_Goal of the exercise_
Below are records; please set down exactly the lines from the first through the one containing "Hotel El Pueblito in Holbox — foto 12".

_Data for this exercise_
------------------------------

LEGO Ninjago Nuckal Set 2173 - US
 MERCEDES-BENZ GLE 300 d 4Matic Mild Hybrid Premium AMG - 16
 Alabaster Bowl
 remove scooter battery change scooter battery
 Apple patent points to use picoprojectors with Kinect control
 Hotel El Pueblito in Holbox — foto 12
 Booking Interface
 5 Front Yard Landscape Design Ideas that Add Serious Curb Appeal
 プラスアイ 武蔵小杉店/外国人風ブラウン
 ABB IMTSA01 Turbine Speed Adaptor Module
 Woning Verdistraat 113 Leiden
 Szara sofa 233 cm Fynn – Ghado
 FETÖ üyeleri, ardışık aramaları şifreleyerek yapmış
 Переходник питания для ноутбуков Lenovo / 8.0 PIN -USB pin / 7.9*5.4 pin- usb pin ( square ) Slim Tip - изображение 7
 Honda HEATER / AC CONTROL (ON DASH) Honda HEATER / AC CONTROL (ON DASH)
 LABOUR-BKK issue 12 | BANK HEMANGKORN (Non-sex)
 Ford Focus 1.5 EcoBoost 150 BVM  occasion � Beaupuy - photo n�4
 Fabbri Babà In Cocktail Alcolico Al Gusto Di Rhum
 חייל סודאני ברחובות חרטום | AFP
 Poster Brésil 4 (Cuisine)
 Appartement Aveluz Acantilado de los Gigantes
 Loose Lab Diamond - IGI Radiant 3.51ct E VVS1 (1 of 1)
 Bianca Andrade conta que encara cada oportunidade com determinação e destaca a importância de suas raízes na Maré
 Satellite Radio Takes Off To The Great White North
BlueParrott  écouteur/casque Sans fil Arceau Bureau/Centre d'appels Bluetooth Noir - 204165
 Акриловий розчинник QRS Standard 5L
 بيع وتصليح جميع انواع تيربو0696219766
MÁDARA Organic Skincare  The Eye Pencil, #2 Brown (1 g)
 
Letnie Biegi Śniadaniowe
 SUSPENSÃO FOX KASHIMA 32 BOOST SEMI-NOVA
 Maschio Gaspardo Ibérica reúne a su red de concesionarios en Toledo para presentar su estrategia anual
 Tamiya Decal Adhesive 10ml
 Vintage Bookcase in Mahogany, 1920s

------------------------------

_Task result_
LEGO Ninjago Nuckal Set 2173 - US
 MERCEDES-BENZ GLE 300 d 4Matic Mild Hybrid Premium AMG - 16
 Alabaster Bowl
 remove scooter battery change scooter battery
 Apple patent points to use picoprojectors with Kinect control
 Hotel El Pueblito in Holbox — foto 12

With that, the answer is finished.